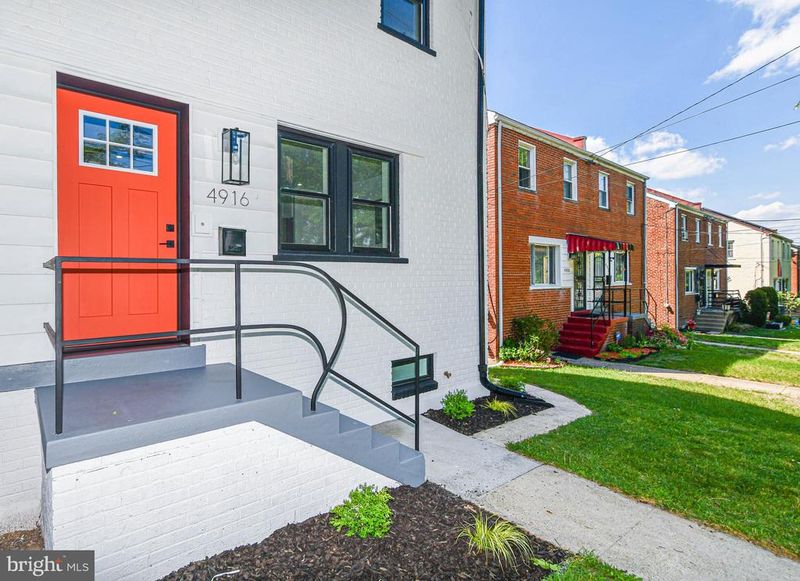 4916 Sargent Rd NE, Washington, DC 20017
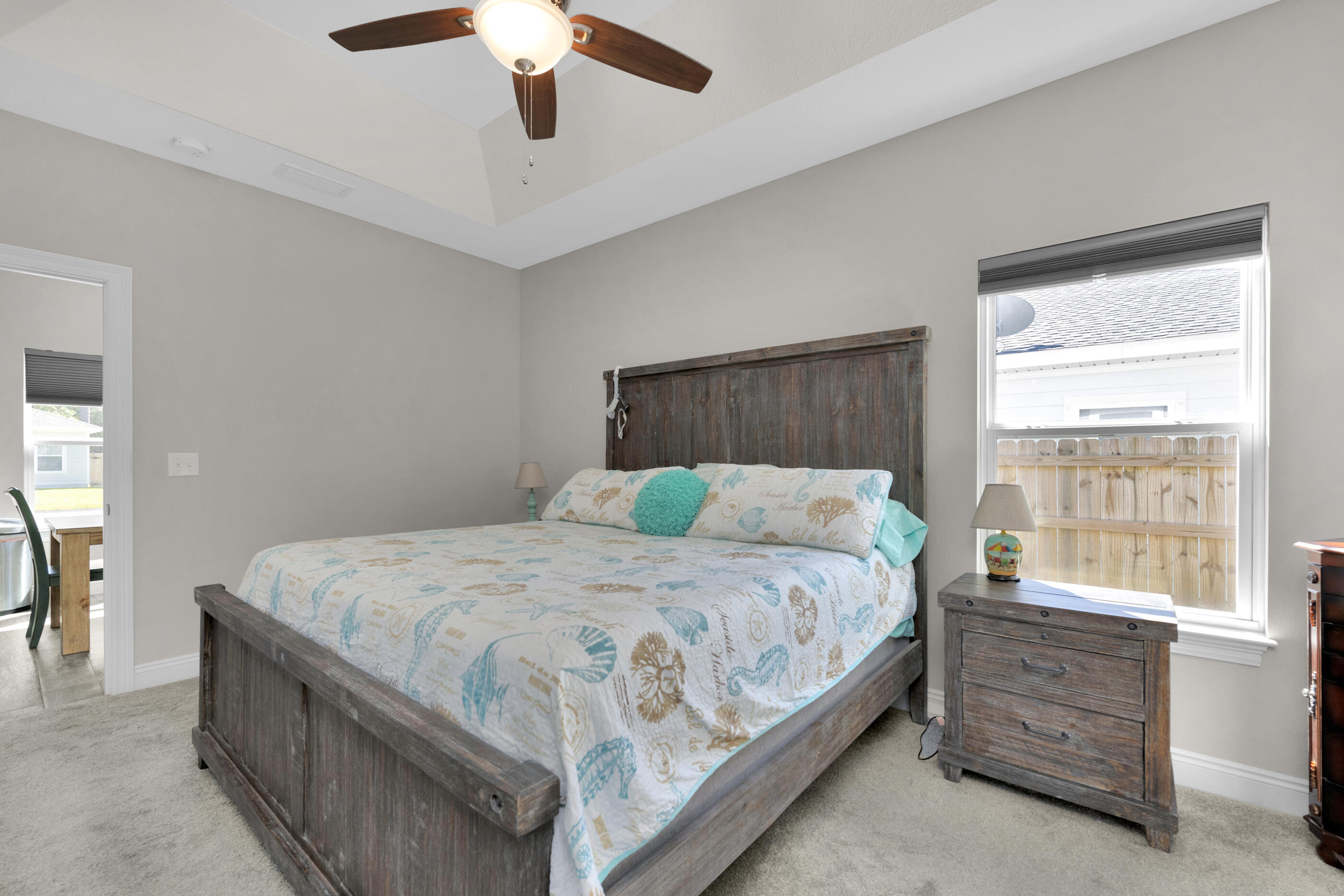 CRESCENT SHORES - Residential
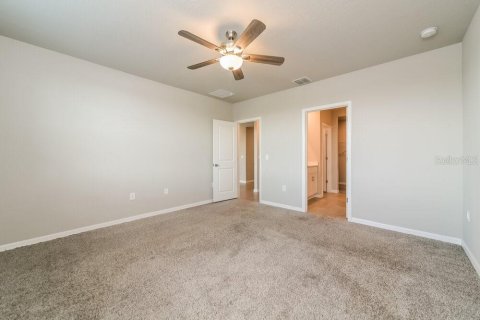 Casa en alquiler en Auburndale, Florida, 4 dormitorios, 167.41 m2 № 2100082 - foto 10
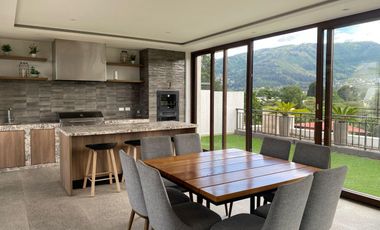 VENDO PENTHOUSE EXCLUSIVO CON HERMOSA VISTA EN CUMBAYA - TUMBACO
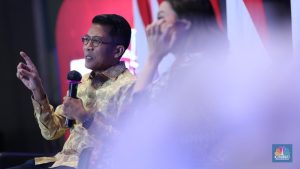 QRIS vs Visa-Mastercard: DPR Bantah Ada Hubungannya!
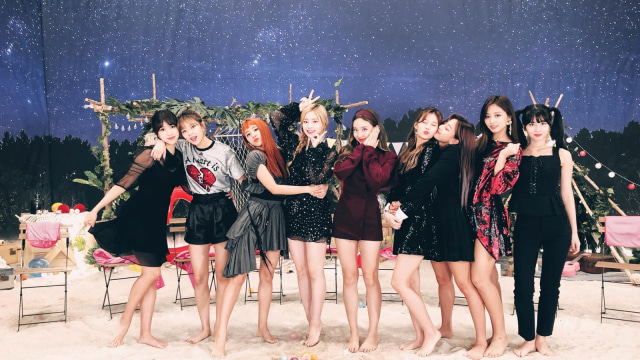Twice (Foto: Facebook @JYPETWICE)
———
*YOUR INSTRUCTIONS:*
Starting at the line that contains "Casa en alquiler" and ending at the final line of the data, reproduce each line exactly. Pictures stay out of the copy.

*ANSWER BOX:*
 Casa en alquiler en Auburndale, Florida, 4 dormitorios, 167.41 m2 № 2100082 - foto 10
 VENDO PENTHOUSE EXCLUSIVO CON HERMOSA VISTA EN CUMBAYA - TUMBACO
 QRIS vs Visa-Mastercard: DPR Bantah Ada Hubungannya!
Twice (Foto: Facebook @JYPETWICE)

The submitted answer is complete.